> _DIRECTIONS_
Given the records underneath, please repeat exactly the lines from the line with "We Believe (Choral" through the line with "Purple Silk Bat", passing over any picture.
SUPPLIED RECORDS below:
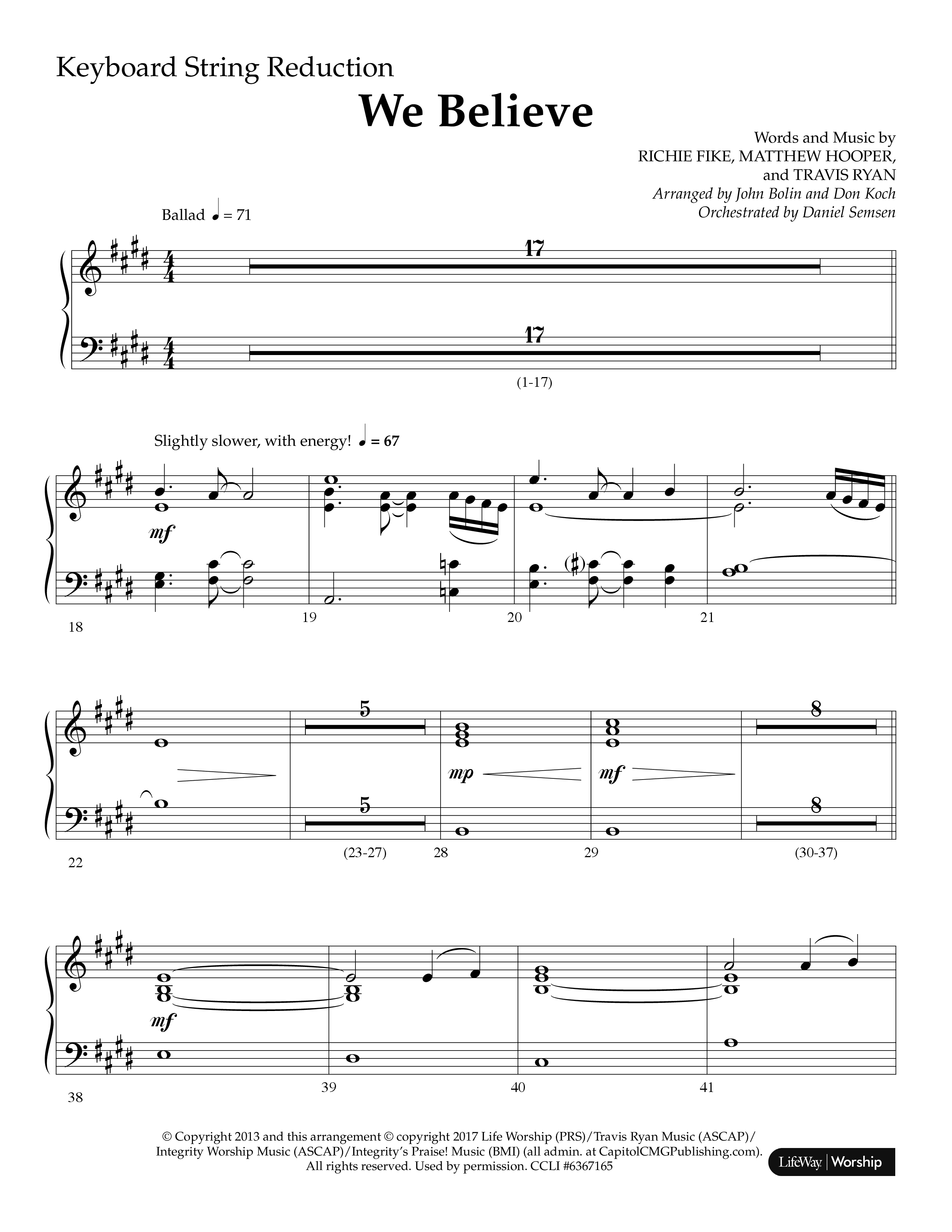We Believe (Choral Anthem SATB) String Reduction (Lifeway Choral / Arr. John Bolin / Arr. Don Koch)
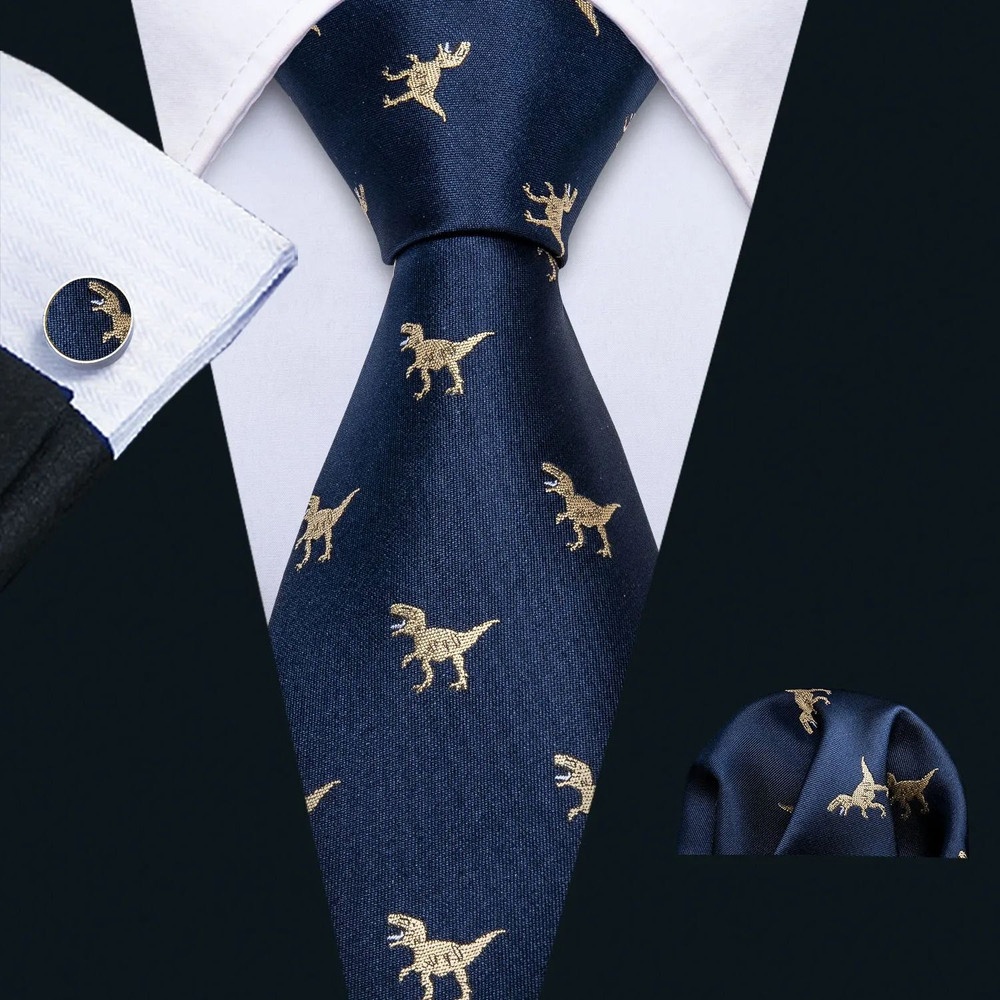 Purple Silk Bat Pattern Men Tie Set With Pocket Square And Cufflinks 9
End of SUPPLIED RECORDS.
SUPPLIED RECORDS below:
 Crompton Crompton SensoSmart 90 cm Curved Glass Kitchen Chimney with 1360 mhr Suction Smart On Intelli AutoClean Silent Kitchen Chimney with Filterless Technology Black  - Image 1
End of SUPPLIED RECORDS.
> _WRITTEN ANSWER_
We Believe (Choral Anthem SATB) String Reduction (Lifeway Choral / Arr. John Bolin / Arr. Don Koch)
 Purple Silk Bat Pattern Men Tie Set With Pocket Square And Cufflinks 9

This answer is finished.